HELENA - Gov. Steve Bullock announced Monday at a press conference the state’s fire fund has been completely filled for the first time in the fund’s existence.
Due to an excess of funds in the state budget from recent fiscal year, the state of Montana was able to transfer $46.7 million to the fire fund reaching its statutory cap of $101.5 million.
“We were able to do this because of the prudent fiscal management and careful stewardship of taxpayer dollars by state agencies under the executive branch as well as other savings,” said Bullock. “At the start of the pandemic I asked state agencies to tighten their belts and I’m pleased that they did so.”
State agencies finished the fiscal year under budget, and by law the remaining balance is then transferred to the fire fund. When the fire fund is full, any additional dollars then go to the general fund.
Bullock noted a full fire fund is a great benefit to Montnanans, allowing the state a much needed cushion during the uncertain times of the COVID-19 pandemic.
The 10-year average for fire suppression cost to the state is around $21 million. The historic 2017 fire season ended up costing around $65 million on the state side.
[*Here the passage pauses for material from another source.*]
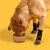 CoolPetGear Anti-Rutsch-Socken für Hunde und Katzen CoolPetGear Anti-Rutsch-Socken für Hunde und Katzen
“We are also making sure that Montana is prepared not just this year, but for several years to come. The fire fund now contains enough money to cover nearly five average years of state fire suppression cost,” said Bullock.
The state has around $620 million in reserves between the general fund, fire fund and the Budget Stabilization Reserve as it begins the next fiscal year.
“While none of us could have anticipated a global pandemic as we wrapped up the 2019 legislative session, we did anticipate that the unexpect to come our way. We took the right steps to make sure and left money in the bank for unforeseen circumstances,” said Bullock.
Earlier this year, Republican legislative leaders questioned whether the state should scale back spending, including personnel cuts, to save money in anticipation of revenue dropping off the cliff.
Bullock rejected the idea of budget cuts at the beginning of the pandemic, and still holds to the position.
“While we’re certainly not immune in Montana to the nationwide economic challenges--and projections are just that, projections-- we are resilient,” said Bullock. “We find no reason to make find cuts to essential services as they’re more essential than ever as we face this pandemic and these correlating economic challenges. We’ll continue to manage our budget as we have this pandemic, based on science and facts not politics.”
With it only being halfway through August and plenty of fire season left, Bullock is urging Montanans to redouble their efforts in using caution with fire this year, and ensuring their campfire doesn’t end up costing taxpayers millions of dollars.